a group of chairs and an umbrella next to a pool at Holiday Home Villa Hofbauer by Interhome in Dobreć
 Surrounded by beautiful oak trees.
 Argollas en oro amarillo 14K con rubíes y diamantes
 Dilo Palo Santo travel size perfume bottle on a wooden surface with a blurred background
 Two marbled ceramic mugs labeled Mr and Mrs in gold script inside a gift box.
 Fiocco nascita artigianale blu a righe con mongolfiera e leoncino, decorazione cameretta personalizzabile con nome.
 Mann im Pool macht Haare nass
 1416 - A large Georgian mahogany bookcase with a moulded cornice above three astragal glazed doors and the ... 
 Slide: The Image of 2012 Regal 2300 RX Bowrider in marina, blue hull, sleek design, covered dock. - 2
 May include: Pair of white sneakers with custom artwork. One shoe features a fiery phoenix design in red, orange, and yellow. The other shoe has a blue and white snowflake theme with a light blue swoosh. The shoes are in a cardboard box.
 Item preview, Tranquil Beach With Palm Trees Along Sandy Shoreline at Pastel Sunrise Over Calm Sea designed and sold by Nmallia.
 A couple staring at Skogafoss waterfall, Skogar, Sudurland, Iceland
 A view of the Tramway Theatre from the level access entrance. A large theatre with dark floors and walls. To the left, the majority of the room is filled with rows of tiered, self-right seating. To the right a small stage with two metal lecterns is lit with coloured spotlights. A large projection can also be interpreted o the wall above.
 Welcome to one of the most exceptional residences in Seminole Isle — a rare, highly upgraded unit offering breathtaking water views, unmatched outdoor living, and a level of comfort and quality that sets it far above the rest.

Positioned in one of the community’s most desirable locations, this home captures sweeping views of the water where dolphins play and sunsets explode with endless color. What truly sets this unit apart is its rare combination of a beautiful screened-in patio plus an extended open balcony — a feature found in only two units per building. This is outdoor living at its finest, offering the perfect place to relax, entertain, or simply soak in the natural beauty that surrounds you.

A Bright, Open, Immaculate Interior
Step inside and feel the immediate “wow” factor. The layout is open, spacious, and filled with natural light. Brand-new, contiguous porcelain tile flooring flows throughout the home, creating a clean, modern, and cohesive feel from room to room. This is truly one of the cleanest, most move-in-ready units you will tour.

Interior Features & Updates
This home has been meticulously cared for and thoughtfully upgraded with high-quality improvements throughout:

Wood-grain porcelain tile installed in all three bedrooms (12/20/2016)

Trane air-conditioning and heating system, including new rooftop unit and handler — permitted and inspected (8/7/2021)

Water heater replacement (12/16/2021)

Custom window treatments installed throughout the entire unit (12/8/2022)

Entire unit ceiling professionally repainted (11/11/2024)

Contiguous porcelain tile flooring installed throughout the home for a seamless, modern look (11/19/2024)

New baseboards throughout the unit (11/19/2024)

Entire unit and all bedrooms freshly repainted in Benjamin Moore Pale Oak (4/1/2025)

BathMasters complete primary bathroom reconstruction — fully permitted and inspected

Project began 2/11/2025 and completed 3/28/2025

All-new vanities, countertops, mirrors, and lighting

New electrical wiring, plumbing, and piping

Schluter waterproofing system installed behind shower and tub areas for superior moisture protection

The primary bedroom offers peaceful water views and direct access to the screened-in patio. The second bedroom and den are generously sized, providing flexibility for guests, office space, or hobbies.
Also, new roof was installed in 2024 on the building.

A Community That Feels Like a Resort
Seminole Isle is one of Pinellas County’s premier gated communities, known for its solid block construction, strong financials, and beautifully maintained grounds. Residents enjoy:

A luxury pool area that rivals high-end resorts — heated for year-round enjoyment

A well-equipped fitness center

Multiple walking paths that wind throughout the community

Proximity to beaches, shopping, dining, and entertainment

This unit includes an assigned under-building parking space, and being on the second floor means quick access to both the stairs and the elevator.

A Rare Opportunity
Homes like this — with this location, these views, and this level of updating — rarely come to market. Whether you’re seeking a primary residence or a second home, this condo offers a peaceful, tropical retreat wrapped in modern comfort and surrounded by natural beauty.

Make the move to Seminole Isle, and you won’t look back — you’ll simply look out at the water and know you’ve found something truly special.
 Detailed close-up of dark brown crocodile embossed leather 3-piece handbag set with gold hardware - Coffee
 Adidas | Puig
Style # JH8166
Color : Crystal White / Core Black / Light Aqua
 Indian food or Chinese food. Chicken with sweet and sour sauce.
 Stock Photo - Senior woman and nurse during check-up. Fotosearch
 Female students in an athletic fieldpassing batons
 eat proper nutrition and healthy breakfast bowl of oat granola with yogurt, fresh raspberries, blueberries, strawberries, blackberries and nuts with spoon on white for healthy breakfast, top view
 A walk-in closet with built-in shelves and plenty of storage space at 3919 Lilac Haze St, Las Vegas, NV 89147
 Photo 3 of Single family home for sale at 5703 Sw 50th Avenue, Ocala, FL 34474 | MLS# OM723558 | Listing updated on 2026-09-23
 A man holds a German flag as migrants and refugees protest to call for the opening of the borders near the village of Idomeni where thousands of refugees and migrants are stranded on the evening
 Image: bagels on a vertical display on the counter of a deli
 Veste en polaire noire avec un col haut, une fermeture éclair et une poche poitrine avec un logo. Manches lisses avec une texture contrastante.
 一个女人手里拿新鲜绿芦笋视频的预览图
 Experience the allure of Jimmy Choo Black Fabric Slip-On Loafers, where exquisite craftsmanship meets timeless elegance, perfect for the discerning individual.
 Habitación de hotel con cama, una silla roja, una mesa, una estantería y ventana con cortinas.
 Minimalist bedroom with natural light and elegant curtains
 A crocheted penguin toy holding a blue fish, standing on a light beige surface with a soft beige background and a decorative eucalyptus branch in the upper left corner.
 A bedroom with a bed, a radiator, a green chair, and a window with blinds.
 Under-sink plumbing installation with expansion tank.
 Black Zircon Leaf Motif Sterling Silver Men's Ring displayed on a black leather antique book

* _Work required_
Exactly repeat the lines from the line that contains "一个女人手里拿新鲜绿芦笋视频的预览图" to the end of the entries, both included, and leave out all other lines.

* _Task output_
 一个女人手里拿新鲜绿芦笋视频的预览图
 Experience the allure of Jimmy Choo Black Fabric Slip-On Loafers, where exquisite craftsmanship meets timeless elegance, perfect for the discerning individual.
 Habitación de hotel con cama, una silla roja, una mesa, una estantería y ventana con cortinas.
 Minimalist bedroom with natural light and elegant curtains
 A crocheted penguin toy holding a blue fish, standing on a light beige surface with a soft beige background and a decorative eucalyptus branch in the upper left corner.
 A bedroom with a bed, a radiator, a green chair, and a window with blinds.
 Under-sink plumbing installation with expansion tank.
 Black Zircon Leaf Motif Sterling Silver Men's Ring displayed on a black leather antique book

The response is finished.